Par Lisa DOUARD et Valérie TEPPE (photographies).
Plateau de Millevaches (Limousin), reportage
« S’il y a un loup qui nous observe, il doit être par là-bas. Lâchés, les chiens courent dans cette direction », décrit Loïc Defossez, en pointant un bosquet du bout de son bâton. Le trentenaire est l’un des rares bergers du plateau de Millevaches. Il veille sur plus de 400 brebis d’un groupement pastoral en estive à 900 mètres d’altitude. Là-haut, sur ce territoire rural entre la Haute-Vienne, la Creuse et la Corrèze, la bête peut être partout et suscite toutes les suppositions.

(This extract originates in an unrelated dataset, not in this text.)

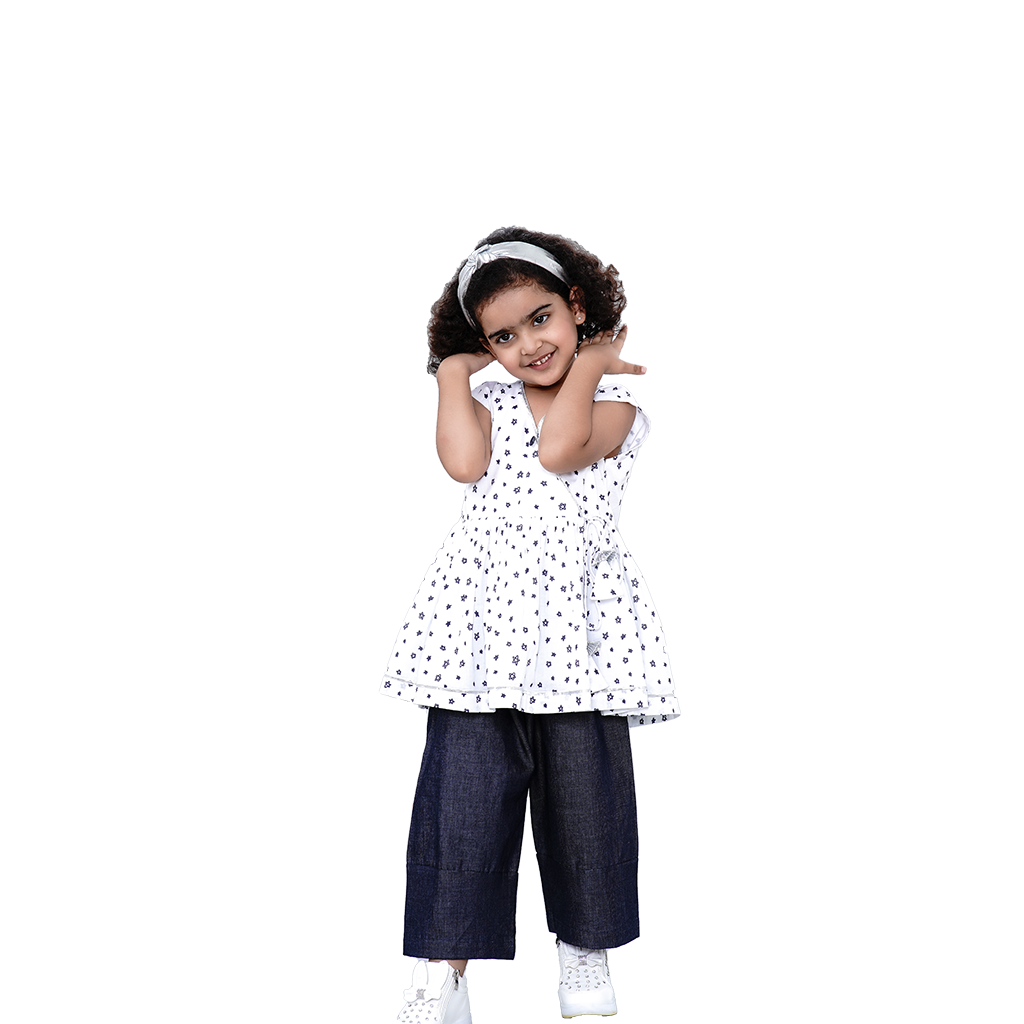 Pre Order: Blue Star Printed Pure Cotton Angarkha Style Top And Pant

Carmen Munoz Pastor et Vincent Primault suivent sa trace depuis 2021. Les deux naturalistes de l’association Carduelis, installée dans la région, compilent leurs recherches dans un carnet désormais bien épais. Dates des attaques, secteurs visités, découverte d’un premier individu abattu par des louvetiers en mai 2023 et, depuis l’été 2024, suivi d’un couple qui constitue sa meute. « Le Limousin est le dernier endroit où le loup a été éradiqué dans les années 1930. On ne pensait pas qu’il ferait son retour de notre vivant. C’est historique ce qui se passe », se réjouissent les deux spécialistes, qui le savent en sursis.
Des naissances rares
Début août, la révélation par les services de l’État de la présence de quatre louveteaux nés au printemps a ravivé les appréhensions de toute part. « On a très peur du braconnage. Ce n’est pas un fantasme, on sait qu’ils sont recherchés », indiquent les naturalistes, selon qui ces naissances sont « exceptionnelles » pour la conservation de l’espèce.
Les louveteaux sont issus d’un croisement entre deux lignées — germano-polonaise côté père, italo-alpine côté mère —, ce n’était pas arrivé depuis plus d’un siècle en France.

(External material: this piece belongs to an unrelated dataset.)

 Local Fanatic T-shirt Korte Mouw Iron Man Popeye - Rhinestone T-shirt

Pour les éleveurs, les jeunes loups représentent une menace supplémentaire pour leur activité, alors que sept individus ont été identifiés dans la zone (dont un mâle solitaire). Une trentaine d’exploitants bénéficient actuellement d’autorisations préfectorales de tirs de défense simple, pouvant être délivrés dans le cas de troupeaux susceptibles de faire office de proies.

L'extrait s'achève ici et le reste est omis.